-------- Information provided

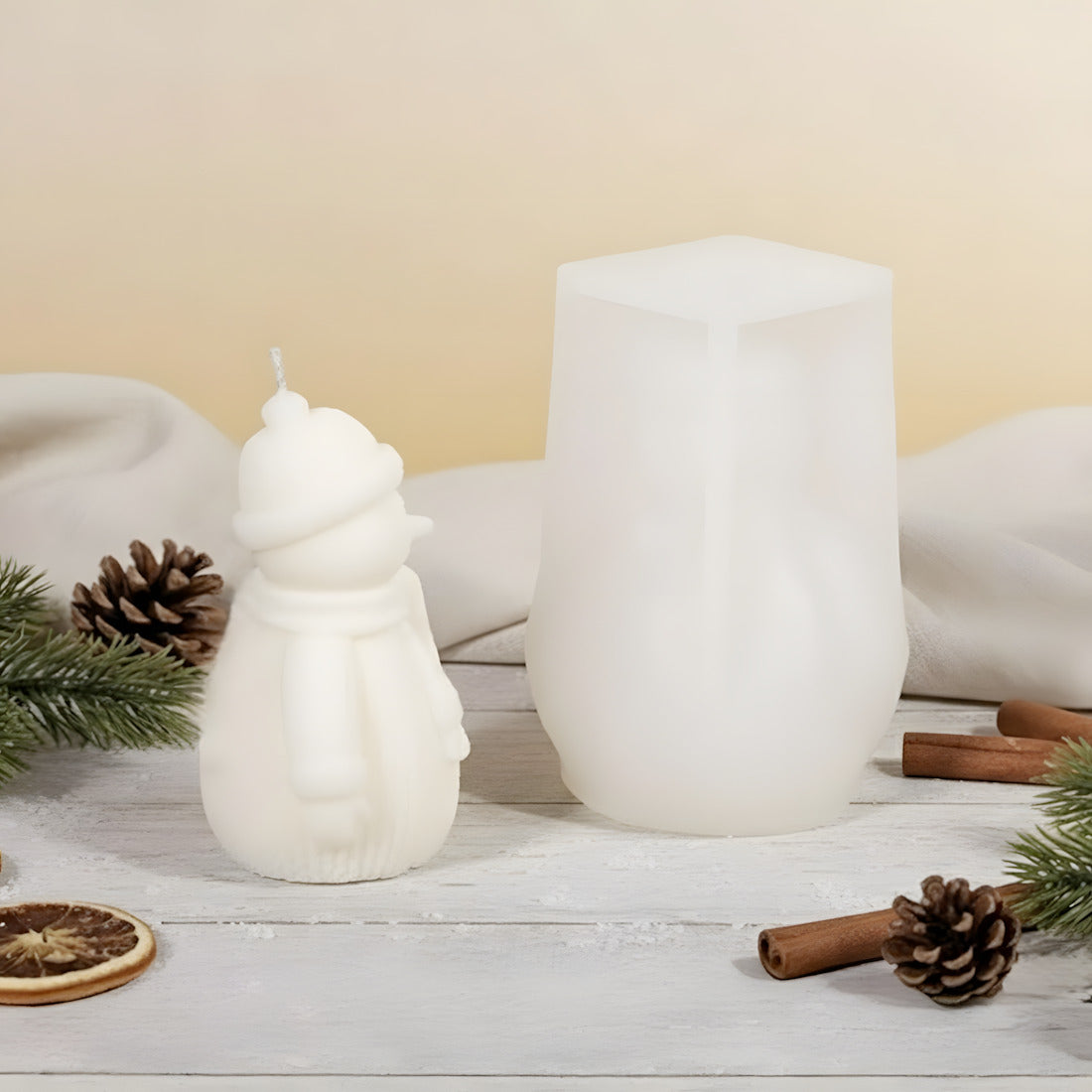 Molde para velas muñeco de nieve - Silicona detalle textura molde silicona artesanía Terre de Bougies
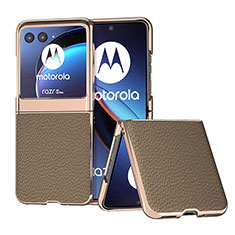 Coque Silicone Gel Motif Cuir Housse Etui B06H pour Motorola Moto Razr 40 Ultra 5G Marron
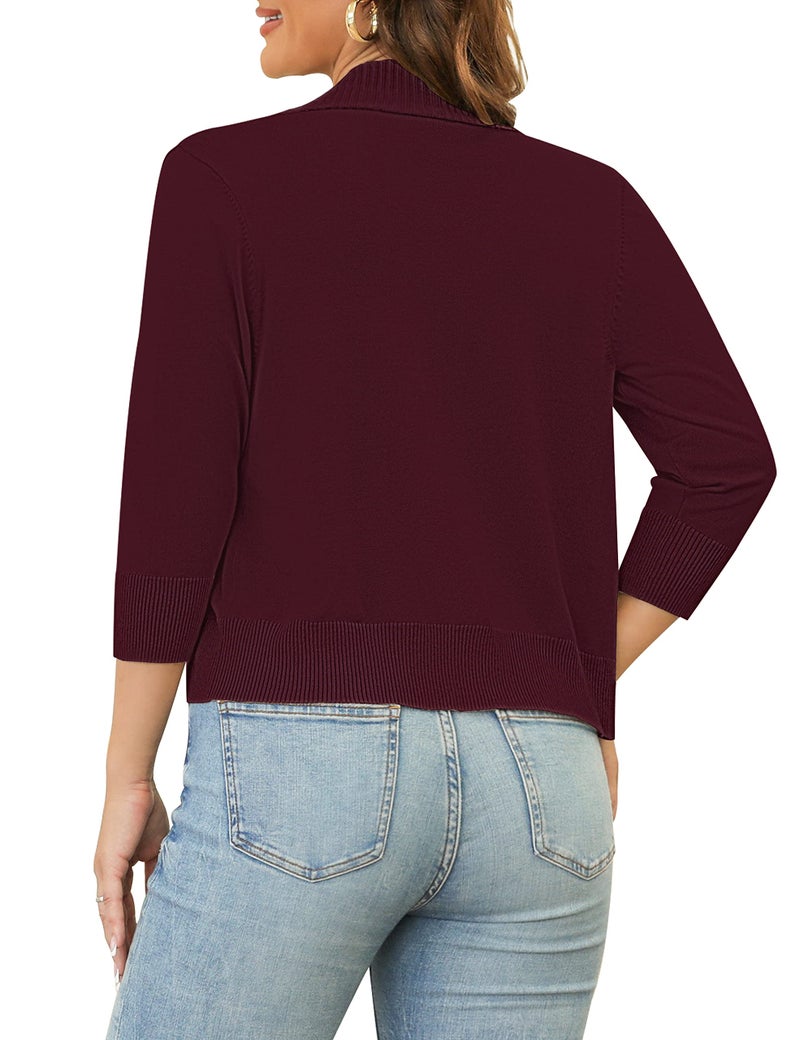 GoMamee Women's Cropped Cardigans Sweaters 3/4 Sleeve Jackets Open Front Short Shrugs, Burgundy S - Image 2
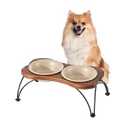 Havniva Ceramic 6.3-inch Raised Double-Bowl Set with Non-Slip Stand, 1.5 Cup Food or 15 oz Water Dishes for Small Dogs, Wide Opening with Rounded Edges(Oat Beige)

----------------

■ **What you need to do**
All lines above must be repeated exactly, and the pictures must be omitted.

■ **Answer to this problem**
 Molde para velas muñeco de nieve - Silicona detalle textura molde silicona artesanía Terre de Bougies
 Coque Silicone Gel Motif Cuir Housse Etui B06H pour Motorola Moto Razr 40 Ultra 5G Marron
 GoMamee Women's Cropped Cardigans Sweaters 3/4 Sleeve Jackets Open Front Short Shrugs, Burgundy S - Image 2
 Havniva Ceramic 6.3-inch Raised Double-Bowl Set with Non-Slip Stand, 1.5 Cup Food or 15 oz Water Dishes for Small Dogs, Wide Opening with Rounded Edges(Oat Beige)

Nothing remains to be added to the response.